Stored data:
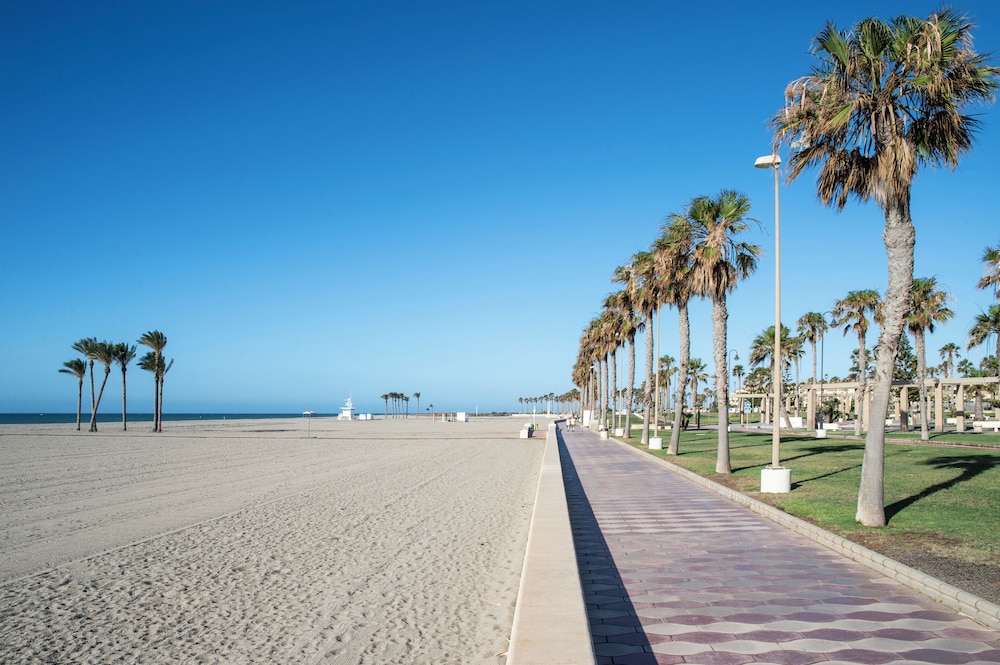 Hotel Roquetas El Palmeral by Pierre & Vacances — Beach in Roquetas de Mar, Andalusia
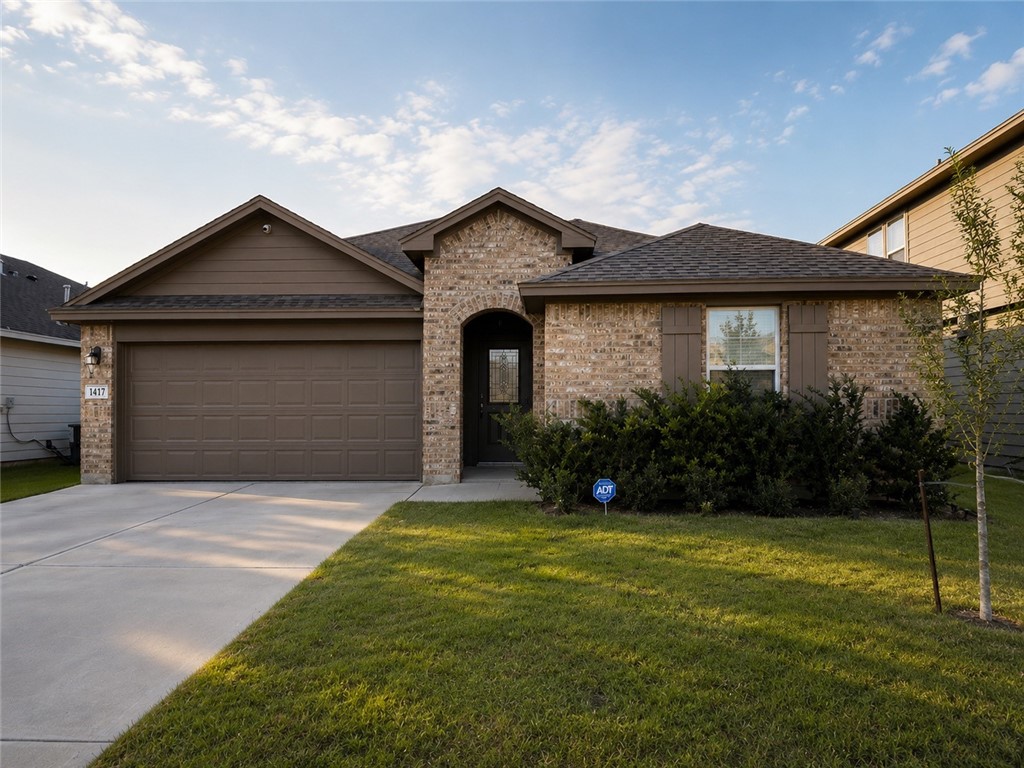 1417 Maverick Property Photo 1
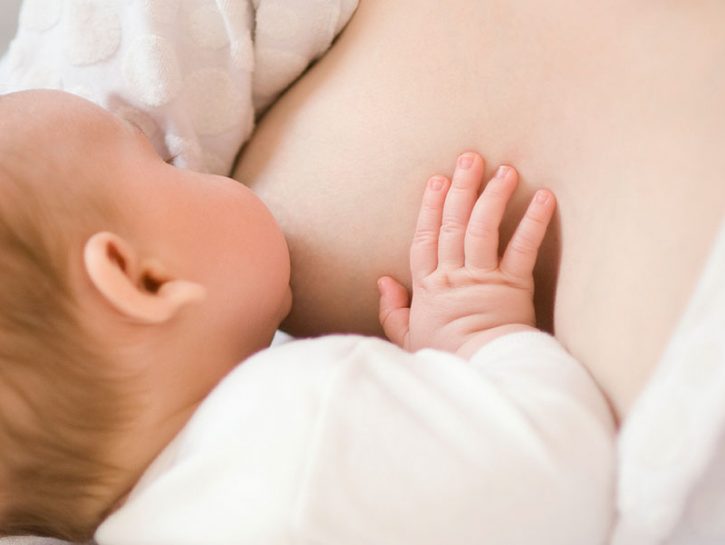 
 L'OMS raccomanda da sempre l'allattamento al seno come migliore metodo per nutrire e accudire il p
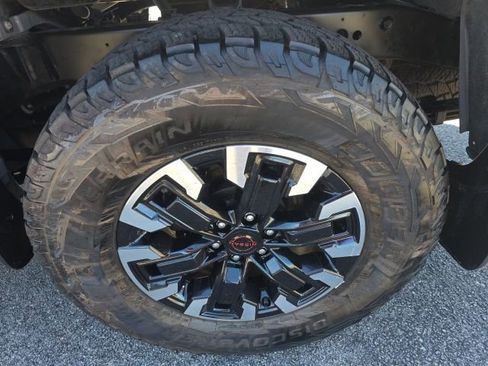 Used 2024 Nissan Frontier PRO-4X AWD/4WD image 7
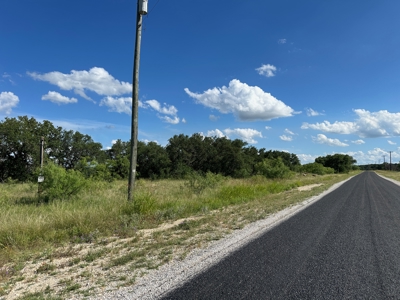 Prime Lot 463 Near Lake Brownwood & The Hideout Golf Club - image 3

TASK DETAILS:
Write out exactly, and only, the lines from the line holding "L'OMS raccomanda da" through the end of the data, inclusive, without any pictures.

TASK ANSWER:
 L'OMS raccomanda da sempre l'allattamento al seno come migliore metodo per nutrire e accudire il p
 Used 2024 Nissan Frontier PRO-4X AWD/4WD image 7
 Prime Lot 463 Near Lake Brownwood & The Hideout Golf Club - image 3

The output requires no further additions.